Paradigm Biopharmaceuticals submits responses to US FDA questions regarding Investigational New Drug application

Paradigm Biopharmaceuticals Ltd’s (ASX:PAR) (OTCMKTS:PBIGF) submitted responses to the US Food and Drug Administration (FDA) regarding questions on its Investigational New Drug (IND) application have been received. In preparing its response, Paradigm consulted with multiple experts, including a US board-certified pre-clinical toxicologist and a senior former FDA physician to review the document and ensure the document contains sufficient information to be completely responsive to the questions raised by the agency. Paradigm believes the input from these experts increase the likelihood that its response will meet the FDA requirements to be considered complete and sufficient for proceeding. The FDA will now review Paradigm’s responses over the next statutory 30-day period within which they are required to respond. Paradigm will notify the market once it has been notified of an outcome by the FDA. Diligent review process PAR chief medical officer Dr Donna Skerrett said the company responded to the FDA’s questions following diligent reviews with its internal team and consultants.

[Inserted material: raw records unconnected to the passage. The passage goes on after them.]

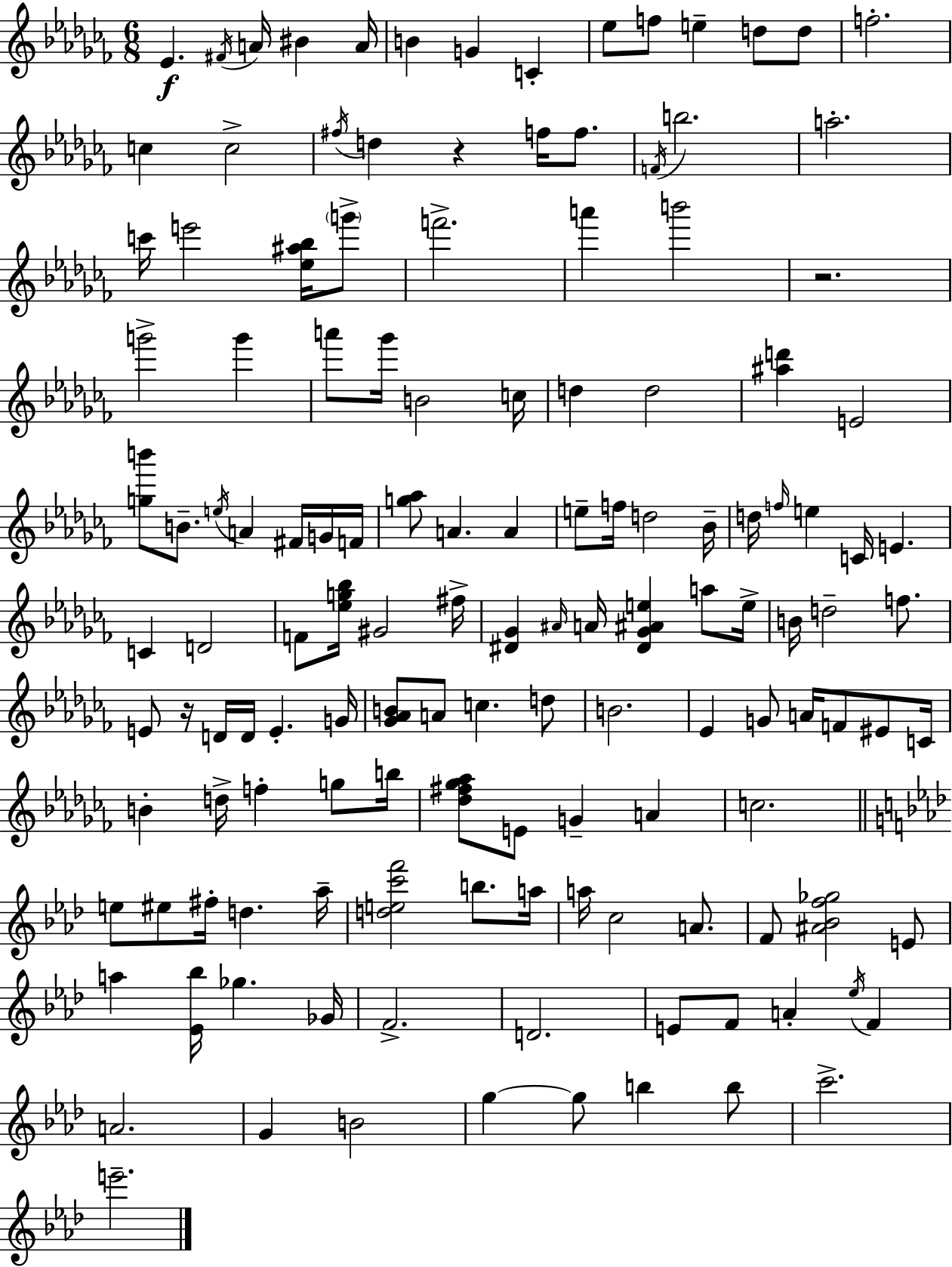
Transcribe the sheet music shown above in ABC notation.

X:1
T:Untitled
M:6/8
L:1/4
K:Abm
_E ^F/4 A/4 ^B A/4 B G C _e/2 f/2 e d/2 d/2 f2 c c2 ^f/4 d z f/4 f/2 F/4 b2 a2 c'/4 e'2 [_e^a_b]/4 g'/2 f'2 a' b'2 z2 g'2 g' a'/2 _g'/4 B2 c/4 d d2 [^ad'] E2 [gb']/2 B/2 e/4 A ^F/4 G/4 F/4 [g_a]/2 A A e/2 f/4 d2 _B/4 d/4 f/4 e C/4 E C D2 F/2 [_eg_b]/4 ^G2 ^f/4 [^D_G] ^A/4 A/4 [^D_G^Ae] a/2 e/4 B/4 d2 f/2 E/2 z/4 D/4 D/4 E G/4 [_G_AB]/2 A/2 c d/2 B2 _E G/2 A/4 F/2 ^E/2 C/4 B d/4 f g/2 b/4 [_d^f_g_a]/2 E/2 G A c2 e/2 ^e/2 ^f/4 d _a/4 [dec'f']2 b/2 a/4 a/4 c2 A/2 F/2 [^A_Bf_g]2 E/2 a [_E_b]/4 _g _G/4 F2 D2 E/2 F/2 A _e/4 F A2 G B2 g g/2 b b/2 c'2 e'2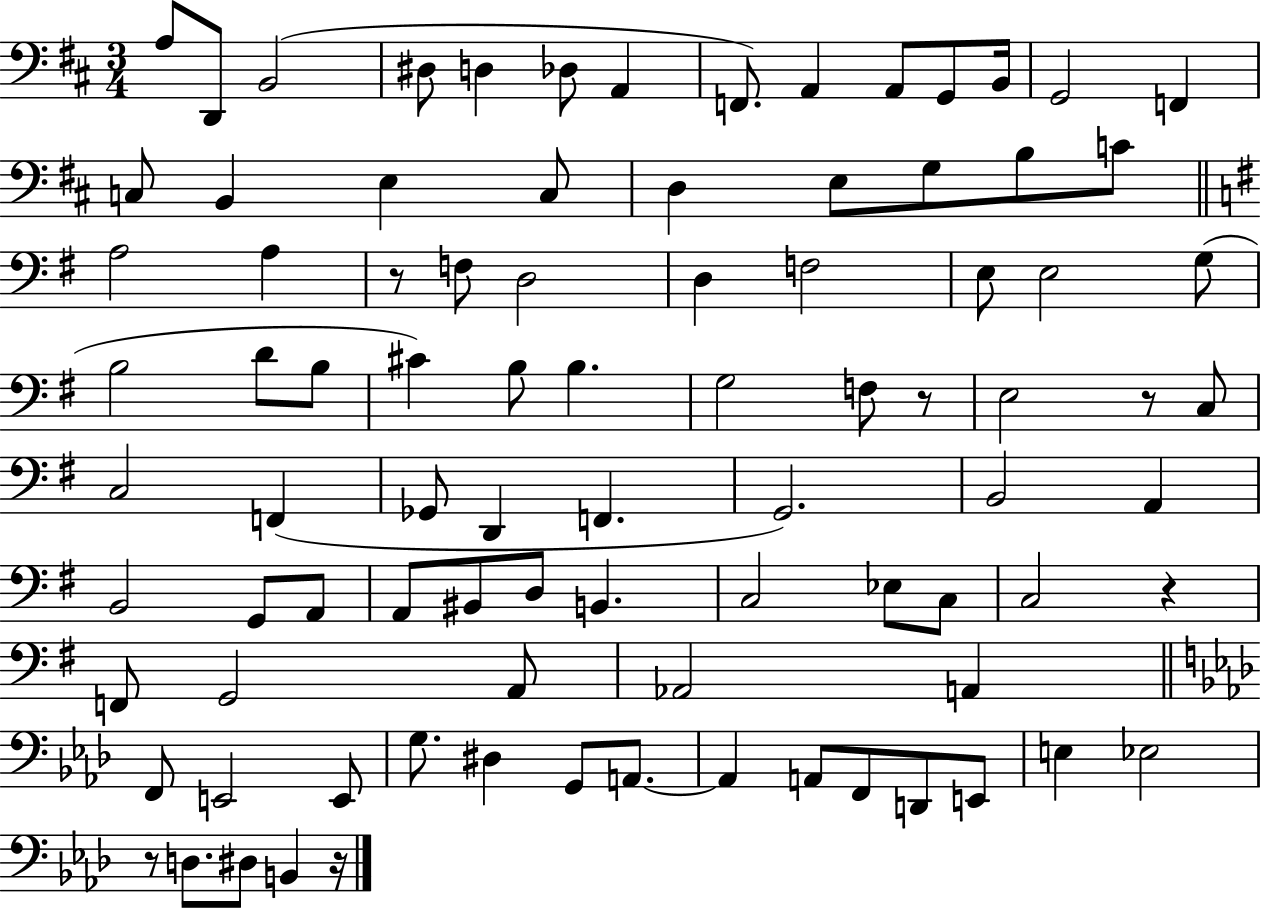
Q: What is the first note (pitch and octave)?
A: A3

She added: “We believe these responses are sufficient to assure the agency the program is supported by non-clinical and clinical data and that the objectives, rationale, and study design will aim to demonstrate the safety and effectiveness of PPS for patients with painful osteoarthritis of the knee. “There is a clear unmet need for patients who have not had adequate responses to initial therapy for knee OA and have ongoing pain. “Prior experience with PPS in clinical and non-clinical settings has demonstrated the potential to address this unmet need." Progressing clinical studies Paradigm chief executive officer Paul Rennie said: “I would like to highlight that Paradigm, during the self-imposed 30-day response time to the FDA questions, has progressed pre-clinical studies in two new indications of acute respiratory distress syndrome (ARDS) and heart failure at study centres in Australia and Europe, respectively. “As recently announced, the orphan drug indication of MPS VI has received regulatory and ethics approval in Brazil for its Phase 2 clinical trial. “Paradigm continues to execute on its disease-modifying osteoarthritis clinical trial PARA_008. “The company has also filed two new patents over the use of PPS in new clinical indications with high unmet clinical needs.”